Abstract
The realisation to strengthen the framework of International commercial arbitration in the nation, it has brought forth the standardise of the present Legislative enactment related to arbitration in India. The research paper undertakes an extensive analytical review of the legislative development of arbitration in India, spanning nearly 250 years in a codified manner. This historical-legal analysis examines the progression from early colonial enactments to the Arbitration and Conciliation Act, 1996, and its subsequent amendments. The study critically evaluates legislative intent, reform motivations, and the influence of the UNCITRAL Model Law in modernizing India’s arbitration framework. Particular attention is paid to various fundamental principles of Arbitration legislation. Through ‘Doctrinal’ and ‘comparative’ analysis the research reveals a pattern of legislative refinement aimed at minimizing court interference, promoting institutional arbitration, and enhancing enforceability of arbitral awards. This longitudinal perspective demonstrates that India’s arbitration law has evolved through cycles of experimentation, reform, and corrective jurisprudence, reflecting a gradual but determined shift toward global best practices. The analytical research has revealed that the current legislative framework for Arbitration in India is insufficient and inadequate to establish Arbitration as an independent industry for resolving international commercial disputes, thus hindering efforts to make India a global Arbitration seat.
Keywords: International commercial arbitration, historical-legal, UNCITRAL, Arbitration Law, India.
INTRODUCTION
“…whereas a defective legislation not only shatters the hope of legislators but also leads to chaos, miscarriage of justice and injustice to the victims of such law. The Arbitration and Conciliation Act, 1996 is one such defective law….”[1]
- Justice Basu Deo Agarwal
The legislation related to Arbitration in India is contained in the presently implemented ‘Arbitration & Conciliation Act, 1996’, which is based upon the ‘Model Law’ of UNCITRAL adopted in 1985. The intention behind the enactment of 1996 Act was to provide a speedy and efficacious method of disputes resolution between the parties with minimum Court intervention.

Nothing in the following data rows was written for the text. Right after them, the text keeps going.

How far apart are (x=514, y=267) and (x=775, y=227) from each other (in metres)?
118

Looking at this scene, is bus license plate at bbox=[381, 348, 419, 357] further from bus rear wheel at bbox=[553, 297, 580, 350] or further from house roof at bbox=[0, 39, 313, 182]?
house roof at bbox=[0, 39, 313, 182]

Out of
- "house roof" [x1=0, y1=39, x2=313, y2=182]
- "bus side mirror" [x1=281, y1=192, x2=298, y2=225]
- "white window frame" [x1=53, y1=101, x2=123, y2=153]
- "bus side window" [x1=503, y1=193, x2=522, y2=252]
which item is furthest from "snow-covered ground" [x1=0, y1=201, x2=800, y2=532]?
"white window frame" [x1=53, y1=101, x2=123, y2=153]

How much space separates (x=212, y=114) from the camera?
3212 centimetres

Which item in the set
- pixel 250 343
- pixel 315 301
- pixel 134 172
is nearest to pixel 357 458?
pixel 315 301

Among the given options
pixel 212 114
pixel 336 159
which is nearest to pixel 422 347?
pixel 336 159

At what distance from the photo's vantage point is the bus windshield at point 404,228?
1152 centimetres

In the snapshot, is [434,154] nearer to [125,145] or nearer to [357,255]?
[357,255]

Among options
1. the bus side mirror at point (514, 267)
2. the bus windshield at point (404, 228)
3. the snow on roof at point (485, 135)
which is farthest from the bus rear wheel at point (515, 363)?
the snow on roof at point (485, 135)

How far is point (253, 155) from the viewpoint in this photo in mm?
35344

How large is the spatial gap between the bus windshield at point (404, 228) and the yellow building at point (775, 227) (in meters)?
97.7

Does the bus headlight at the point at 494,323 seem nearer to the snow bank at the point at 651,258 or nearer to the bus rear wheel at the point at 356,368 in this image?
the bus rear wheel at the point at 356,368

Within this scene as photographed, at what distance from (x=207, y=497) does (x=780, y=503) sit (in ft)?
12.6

Since 900 BCE Arbitration has evolved and gradually adopted in response to political, social and economic forces at work both domestically and globally.
The conceptual philosophy of Arbitration was first witnessed in our nation reportedly during the Vedic period. The most primitive recognised commentary is the ‘Brihadaranyaka Upanishad’ which stated about three principal bodies which collectively formed varying level of Panchayats:
- PUGA, which implies a body of persons belonging to different factions of society but residing in the same locality;
- KULA, which implies a body of persons connected by familial ties;
- SHRENI, that is a body of merchants and craftsmen connected by their profession.[2]

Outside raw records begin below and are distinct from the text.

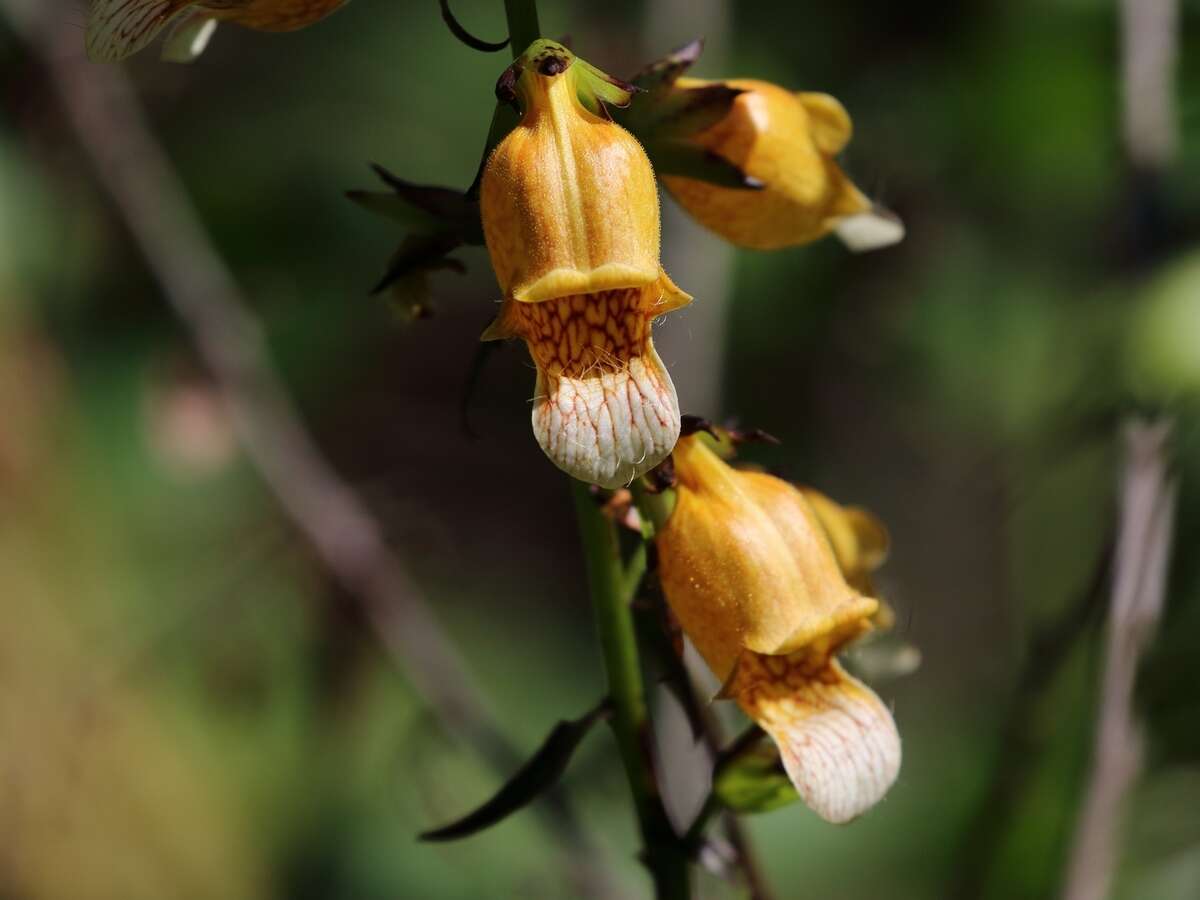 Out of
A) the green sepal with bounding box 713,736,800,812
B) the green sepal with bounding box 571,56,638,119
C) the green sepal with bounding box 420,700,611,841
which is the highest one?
the green sepal with bounding box 571,56,638,119

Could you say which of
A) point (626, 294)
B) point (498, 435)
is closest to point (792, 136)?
point (626, 294)

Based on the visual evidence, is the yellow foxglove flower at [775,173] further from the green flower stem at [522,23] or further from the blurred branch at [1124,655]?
the blurred branch at [1124,655]

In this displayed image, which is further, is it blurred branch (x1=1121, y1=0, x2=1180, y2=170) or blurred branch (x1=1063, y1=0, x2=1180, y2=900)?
blurred branch (x1=1121, y1=0, x2=1180, y2=170)

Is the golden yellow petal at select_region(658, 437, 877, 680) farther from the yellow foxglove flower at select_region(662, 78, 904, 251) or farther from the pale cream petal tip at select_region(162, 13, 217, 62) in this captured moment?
the pale cream petal tip at select_region(162, 13, 217, 62)

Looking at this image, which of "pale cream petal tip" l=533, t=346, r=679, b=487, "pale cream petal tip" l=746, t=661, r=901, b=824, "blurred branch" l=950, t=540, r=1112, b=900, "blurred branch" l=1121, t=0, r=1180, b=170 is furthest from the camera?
"blurred branch" l=1121, t=0, r=1180, b=170

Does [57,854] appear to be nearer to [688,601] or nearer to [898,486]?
[898,486]

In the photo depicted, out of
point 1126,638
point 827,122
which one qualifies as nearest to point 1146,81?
point 1126,638

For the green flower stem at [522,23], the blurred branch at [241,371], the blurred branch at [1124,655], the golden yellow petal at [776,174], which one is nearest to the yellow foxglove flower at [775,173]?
the golden yellow petal at [776,174]

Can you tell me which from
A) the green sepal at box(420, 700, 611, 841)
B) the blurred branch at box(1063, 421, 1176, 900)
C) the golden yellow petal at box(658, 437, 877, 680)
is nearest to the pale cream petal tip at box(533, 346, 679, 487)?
the golden yellow petal at box(658, 437, 877, 680)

The disputes handled by these Panchayats were decided without being bound by the technicalities of the Law or procedural rules, especially since the adjudicator were members of the same society and had firsthand knowledge of the matters.
[1] Justice Basu Deo Agarwal, Legislative Flaws in Arbitration Law, SCC Online (Aug. 20, 2024), https://www.scconline.com/blog/post/2024/08/20/legislative-flaws-in-arbitration-law/
[2]N. N. Sircar, The Law of Arbitration in British India (Subodh Kumar De 1942).